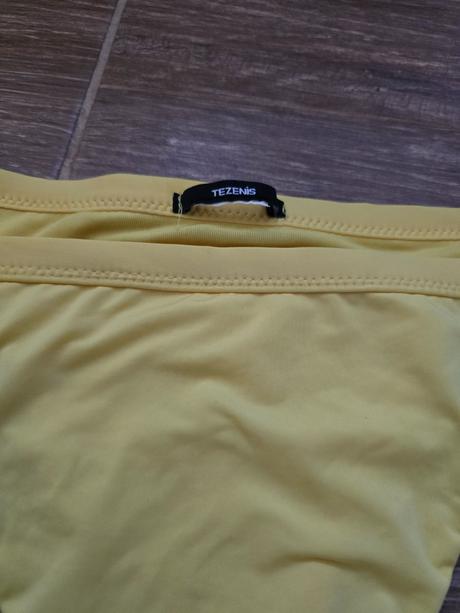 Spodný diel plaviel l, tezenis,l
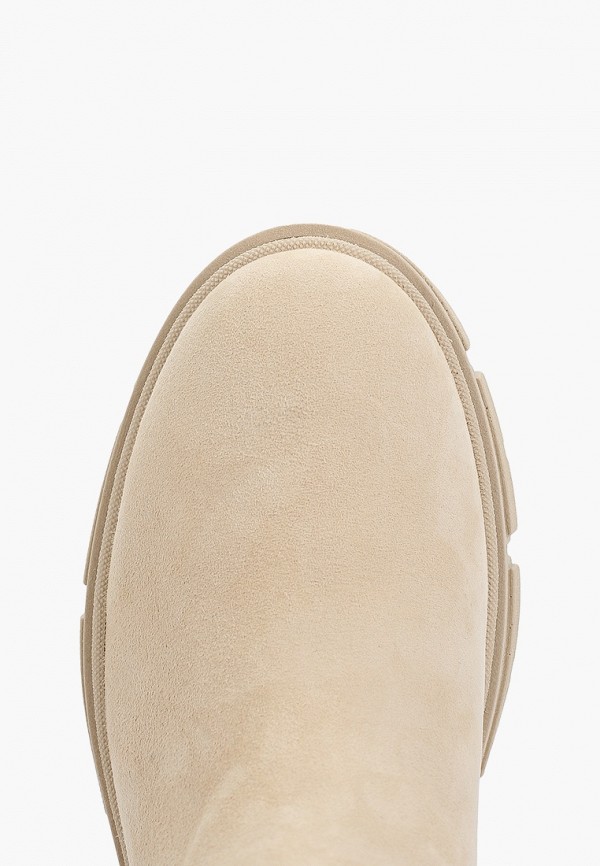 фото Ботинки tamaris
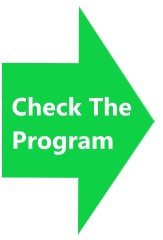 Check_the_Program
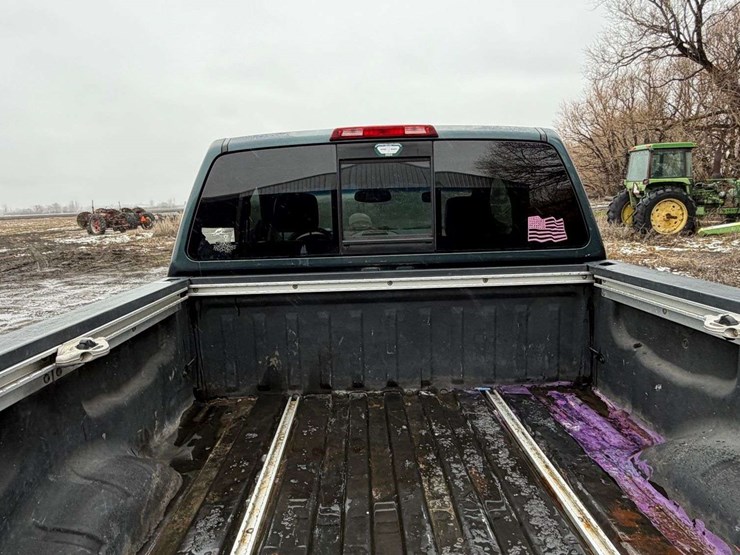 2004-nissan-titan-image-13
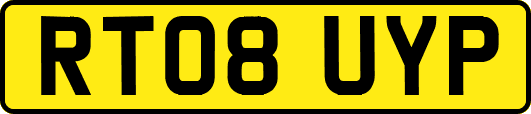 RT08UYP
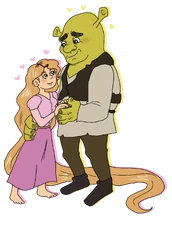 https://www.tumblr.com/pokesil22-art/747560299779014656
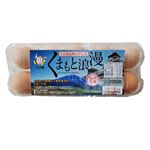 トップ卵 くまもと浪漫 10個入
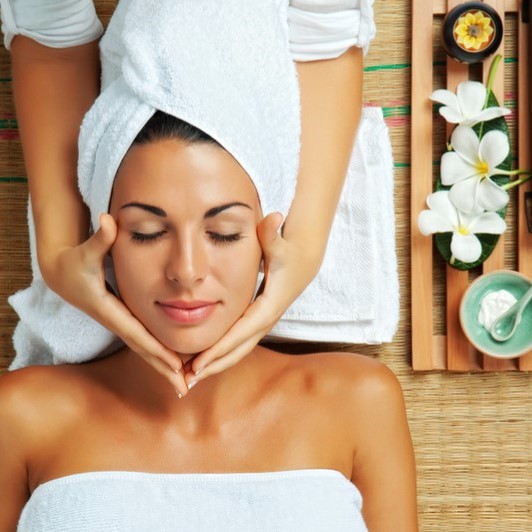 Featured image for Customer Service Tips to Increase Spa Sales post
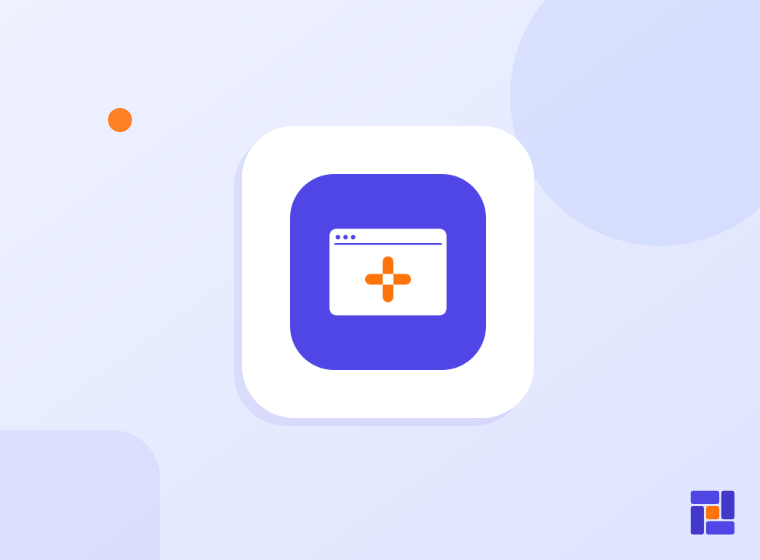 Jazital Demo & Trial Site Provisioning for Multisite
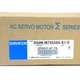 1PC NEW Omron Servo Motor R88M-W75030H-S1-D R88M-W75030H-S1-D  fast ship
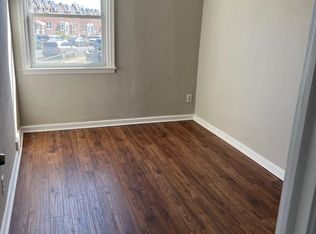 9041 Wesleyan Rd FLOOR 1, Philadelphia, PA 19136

--

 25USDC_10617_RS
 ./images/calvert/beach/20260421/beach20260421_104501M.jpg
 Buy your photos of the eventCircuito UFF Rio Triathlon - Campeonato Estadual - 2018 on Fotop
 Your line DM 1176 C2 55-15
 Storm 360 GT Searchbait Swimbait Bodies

* * *

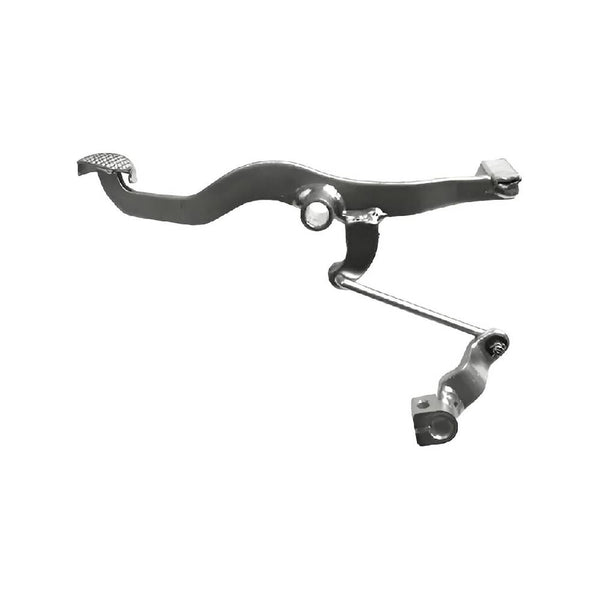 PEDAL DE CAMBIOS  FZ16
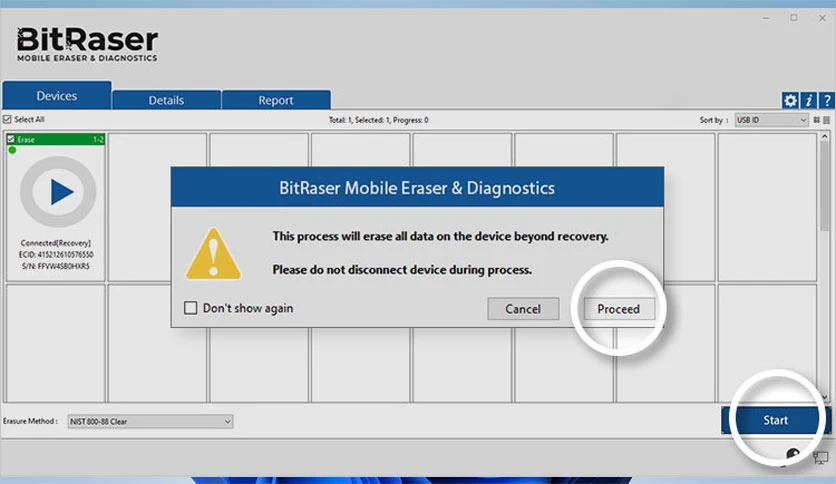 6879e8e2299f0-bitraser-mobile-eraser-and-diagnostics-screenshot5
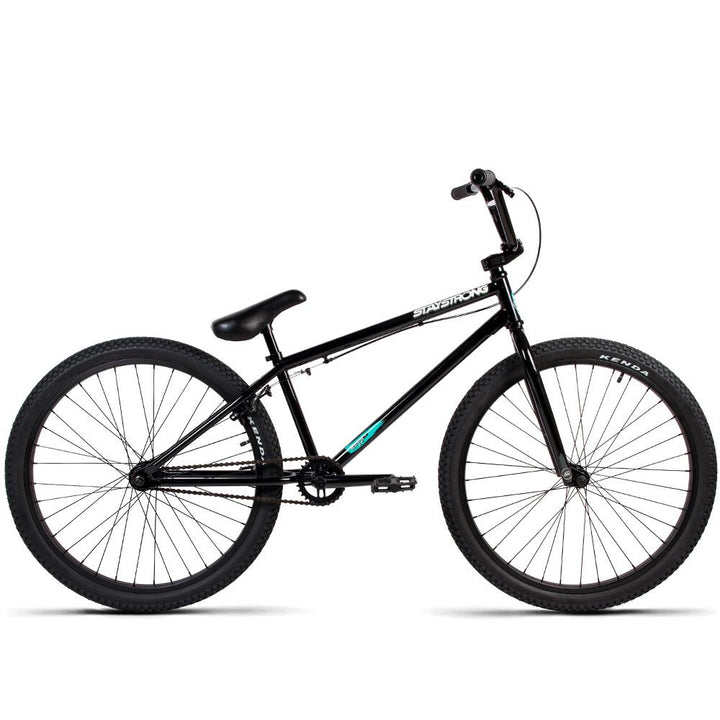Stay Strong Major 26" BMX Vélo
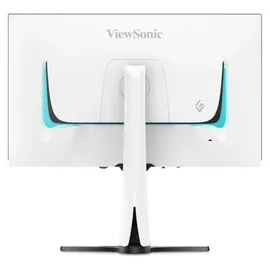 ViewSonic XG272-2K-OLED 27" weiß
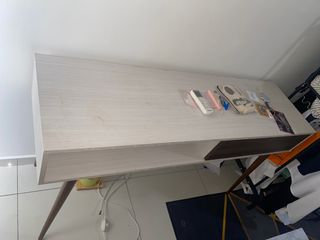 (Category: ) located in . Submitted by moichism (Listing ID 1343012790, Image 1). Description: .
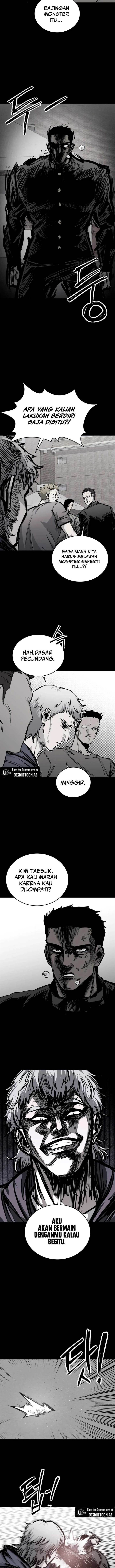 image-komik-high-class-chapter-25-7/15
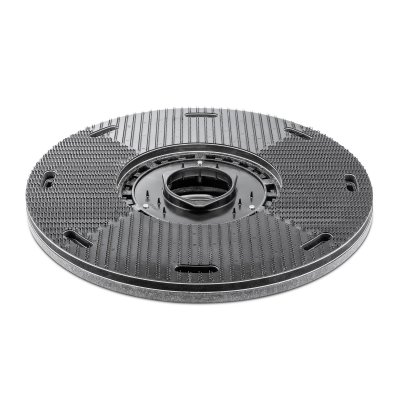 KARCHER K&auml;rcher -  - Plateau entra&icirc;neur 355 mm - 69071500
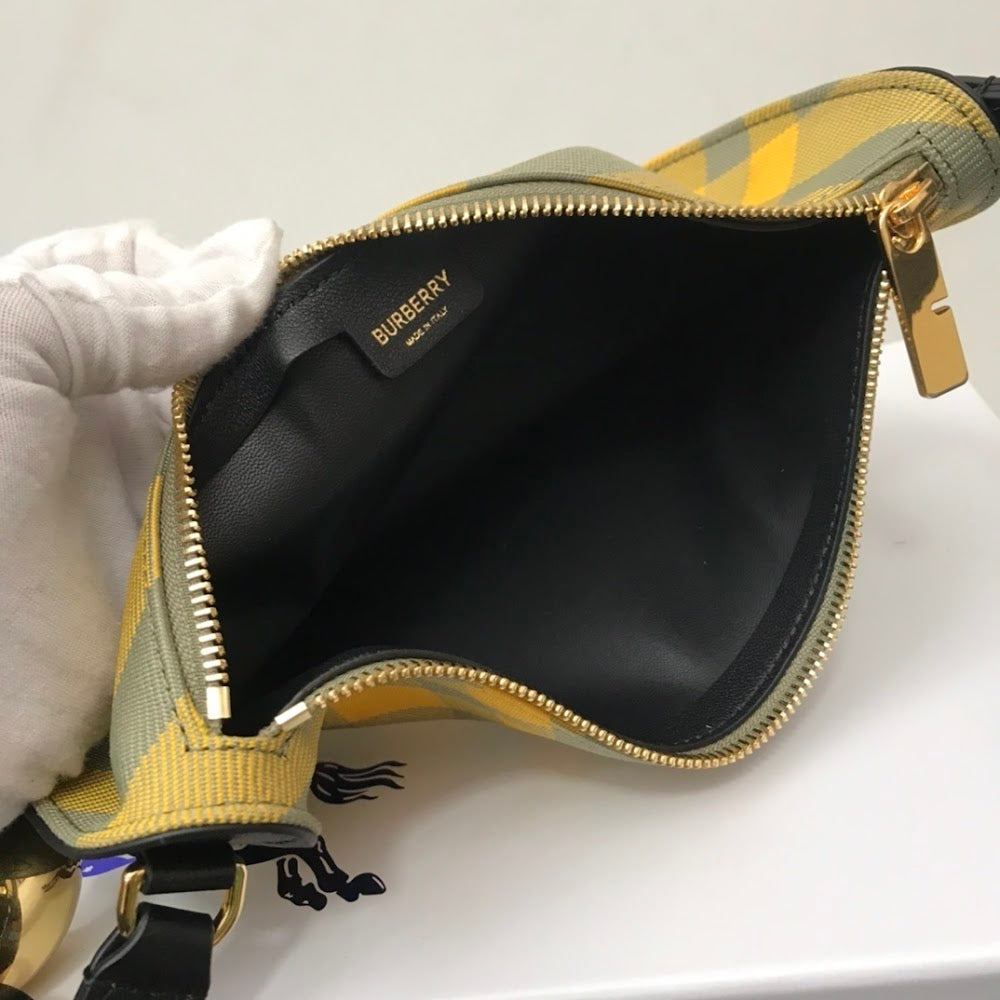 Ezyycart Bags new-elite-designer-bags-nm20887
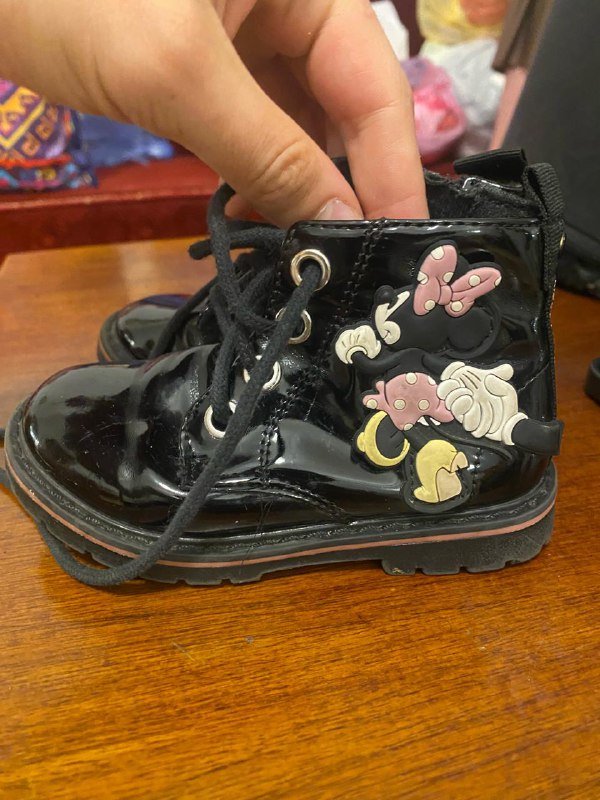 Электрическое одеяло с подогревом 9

- **What needs to be done**
Return a word-for-word copy of the lines above from the one holding "Your line DM 1176 C2 55-15" through the one holding "Storm 360 GT Searchbait Swimbait Bodies", with both of them included and nothing besides.

- **Solution to the problem**
 Your line DM 1176 C2 55-15
 Storm 360 GT Searchbait Swimbait Bodies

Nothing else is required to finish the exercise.